Run: uv run pytest apps/alerts/_tests/drivers/test_cluster.py -v Expected: All pass

Step 5: Commit

git add apps/alerts/drivers/cluster.py apps/alerts/_tests/drivers/test_cluster.py
git commit -m "feat: add ClusterDriver for multi-instance alert forwarding"

Task 3: Register ClusterDriver conditionally

Files:

  • Modify: apps/alerts/drivers/__init__.py

Step 1: Add conditional registration

After the existing imports (line 13), add:

from apps.alerts.drivers.cluster import ClusterDriver

Add to __all__:

    "ClusterDriver",

After the existing DRIVER_REGISTRY dict (line 42), add:


# Register cluster driver only when CLUSTER_ENABLED=1
def _register_cluster_driver():
    from django.conf import settings
    if getattr(settings, "CLUSTER_ENABLED", False):
        DRIVER_REGISTRY["cluster"] = ClusterDriver

_register_cluster_driver()

Step 2: Write test for conditional registration

Add to apps/alerts/_tests/drivers/test_cluster.py:

class ClusterDriverRegistrationTests(TestCase):
    """Tests for conditional driver registration."""

    @override_settings(CLUSTER_ENABLED=True)
    def test_driver_registered_when_enabled(self):
        from apps.alerts.drivers import DRIVER_REGISTRY

        # Re-register since settings changed after module load
        DRIVER_REGISTRY["cluster"] = ClusterDriver
        self.assertIn("cluster", DRIVER_REGISTRY)

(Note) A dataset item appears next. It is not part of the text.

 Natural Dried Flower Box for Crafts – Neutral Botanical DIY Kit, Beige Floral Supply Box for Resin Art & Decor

    @override_settings(CLUSTER_ENABLED=False)
    def test_driver_accessible_by_direct_import(self):
        """ClusterDriver can always be imported directly."""
        from apps.alerts.drivers.cluster import ClusterDriver as CD
        self.assertEqual(CD.name, "cluster")

Step 3: Run tests

Run: uv run pytest apps/alerts/_tests/drivers/test_cluster.py -v Expected: All pass

Step 4: Commit

git add apps/alerts/drivers/__init__.py apps/alerts/_tests/drivers/test_cluster.py
git commit -m "feat: register ClusterDriver conditionally on CLUSTER_ENABLED"

Task 4: Create push_to_hub management command

Files:

  • Create: apps/alerts/management/commands/push_to_hub.py
  • Create: apps/alerts/_tests/commands/test_push_to_hub.py
  • Create: apps/alerts/_tests/commands/__init__.py

Step 1: Write tests

Create apps/alerts/_tests/commands/__init__.py (empty file).

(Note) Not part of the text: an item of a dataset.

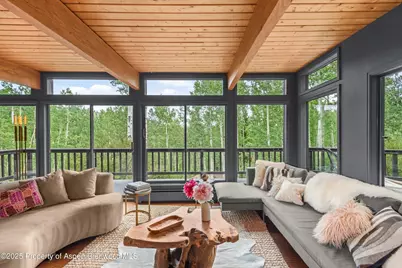 49 Elk Ridge Lane, Snowmass Village, CO 81615 - Photo 2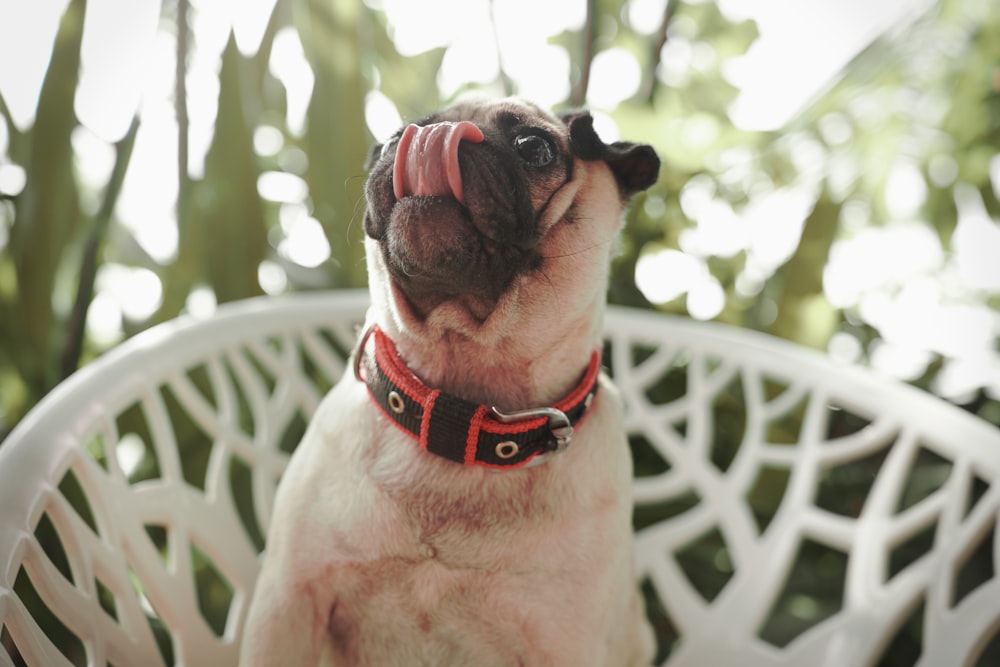 a small dog sitting in a white chair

Create apps/alerts/_tests/commands/test_push_to_hub.py:

import json
import socket
from io import StringIO
from unittest.mock import MagicMock, patch

from django.core.management import call_command
from django.core.management.base import CommandError
from django.test import TestCase, override_settings

from apps.checkers.checkers.base import CheckResult, CheckStatus


class PushToHubTests(TestCase):
    """Tests for push_to_hub management command."""

    @override_settings(HUB_URL="")
    def test_fails_without_hub_url(self):
        """Command exits with error when HUB_URL is not configured."""
        out = StringIO()
        with self.assertRaises(CommandError) as ctx:
            call_command("push_to_hub", stderr=out)
        self.assertIn("HUB_URL", str(ctx.exception))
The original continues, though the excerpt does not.